TEMPO.CO , Jakarta - Pengamat tata kota dari Universitas Trisakti, Yayat Supriatna, mengatakan banjir besar yang merendam Jakarta pada pekan lalu tak terelakkan. Soalnya bantaran kali di Jakarta sudah dipenuhi permukiman warga. Hal itu membuat daya tampung sungai semakin kecil dan mempersulit jalannya proyek normalisasi kali.
Jalan keluarnya, pemerintah perlu lebih serius menggarap masalah pengairan. "Sekarang anggaran PU untuk jalan dan air itu berbeda jauh, jadi memang anggaran yang ada tidak cukup untuk melakukan perawatan sungai," kata Yayat ketika dihubungi Tempo, Kamis, 24 januari 2013.
Menurut dia, anggaran perawatan sumber daya air di Dinas Pekerjaan Umum DKI Jakarta hanya sekitar Rp 100 miliar untuk lima wilayah. Sementara anggaran untuk jalan bisa mencapai Rp 2 sampai 3 triliun. "Kelihatannya memang tata air ini tidak menjadi prioritas karena selama ini yang diributkan lebih banyak soal kemacetan."

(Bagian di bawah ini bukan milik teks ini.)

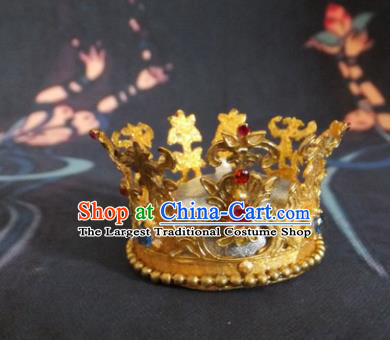 Chinese Ancient Queen Golden Royal Crown Traditional Hanfu Hair Accessories for Women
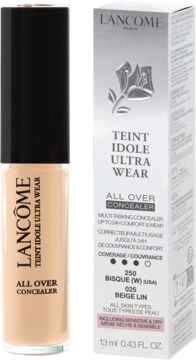 Lancôme Teint Idole Ultra Wear All Over Concealer 025 Beige Lin, beżowa tubka i pudełko, widok z przodu.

Dia menyebutkan bahwa banjir sudah menjadi masalah yang tak terelakkan di Jakarta. "Banjir itu sulit hilang dari Jakarta, hanya bisa mengurangi daerah rawan banjir," kata dia. Itupun tak bisa dilakukan hanya dengan membangun atau memperlebar saluran air.
Solusi yang bisa dilakukan adalah membuat lebih banyak sumur serapan air agar air tak hanya mengalir ke sungai. Ruang terbuka hijau juga harus ditambah. "Intinya perlu ada pemetaan ulang kawasan Jakarta dan dikembalikan sesuai fungsinya."
Sungai-sungai yang ada di Jakarta pun harus dikeruk agar dapat menampung air sesuai kapasitasnya. Soalnya saat ini banyak sungai yang sudah menyempit dan semakin dangkal karena adanya permukiman di tepi sungai. Keberadaan permukiman itu pula yang membuat penanganan banjir semakin sulit.
Yayat menuturkan, permukiman warga itu membuat langkah mencegah banjir mentok, kalaupun mau dikeruk alat berat susah untuk masuk. Pendangkalan sungai karena erosi dan kebiasaan masyarakat membuang sampah ke kali juga menyebabkan risiko banjir semakin tinggi.